(Caption-style text data)
————

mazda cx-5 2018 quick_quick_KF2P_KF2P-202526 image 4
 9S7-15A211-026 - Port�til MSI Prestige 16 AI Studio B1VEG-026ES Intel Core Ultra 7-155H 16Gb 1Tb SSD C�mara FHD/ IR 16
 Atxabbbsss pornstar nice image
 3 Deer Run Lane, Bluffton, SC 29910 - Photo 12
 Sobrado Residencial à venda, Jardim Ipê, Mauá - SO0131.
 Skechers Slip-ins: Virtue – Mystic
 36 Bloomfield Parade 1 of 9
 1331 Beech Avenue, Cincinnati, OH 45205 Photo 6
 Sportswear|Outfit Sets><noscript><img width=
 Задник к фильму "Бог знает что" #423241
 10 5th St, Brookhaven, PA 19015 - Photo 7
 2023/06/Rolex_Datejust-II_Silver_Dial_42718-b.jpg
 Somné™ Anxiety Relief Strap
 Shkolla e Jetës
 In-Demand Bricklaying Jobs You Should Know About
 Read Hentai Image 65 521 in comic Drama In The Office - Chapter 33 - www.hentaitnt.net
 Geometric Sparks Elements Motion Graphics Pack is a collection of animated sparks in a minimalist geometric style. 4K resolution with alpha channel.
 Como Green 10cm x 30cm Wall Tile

————

• **Work required**: Repeat, word for word, every line from the line that contains "Sobrado Residencial à" to the end of the entries; include both of those lines and no others.

• **Exercise response**:
 Sobrado Residencial à venda, Jardim Ipê, Mauá - SO0131.
 Skechers Slip-ins: Virtue – Mystic
 36 Bloomfield Parade 1 of 9
 1331 Beech Avenue, Cincinnati, OH 45205 Photo 6
 Sportswear|Outfit Sets><noscript><img width=
 Задник к фильму "Бог знает что" #423241
 10 5th St, Brookhaven, PA 19015 - Photo 7
 2023/06/Rolex_Datejust-II_Silver_Dial_42718-b.jpg
 Somné™ Anxiety Relief Strap
 Shkolla e Jetës
 In-Demand Bricklaying Jobs You Should Know About
 Read Hentai Image 65 521 in comic Drama In The Office - Chapter 33 - www.hentaitnt.net
 Geometric Sparks Elements Motion Graphics Pack is a collection of animated sparks in a minimalist geometric style. 4K resolution with alpha channel.
 Como Green 10cm x 30cm Wall Tile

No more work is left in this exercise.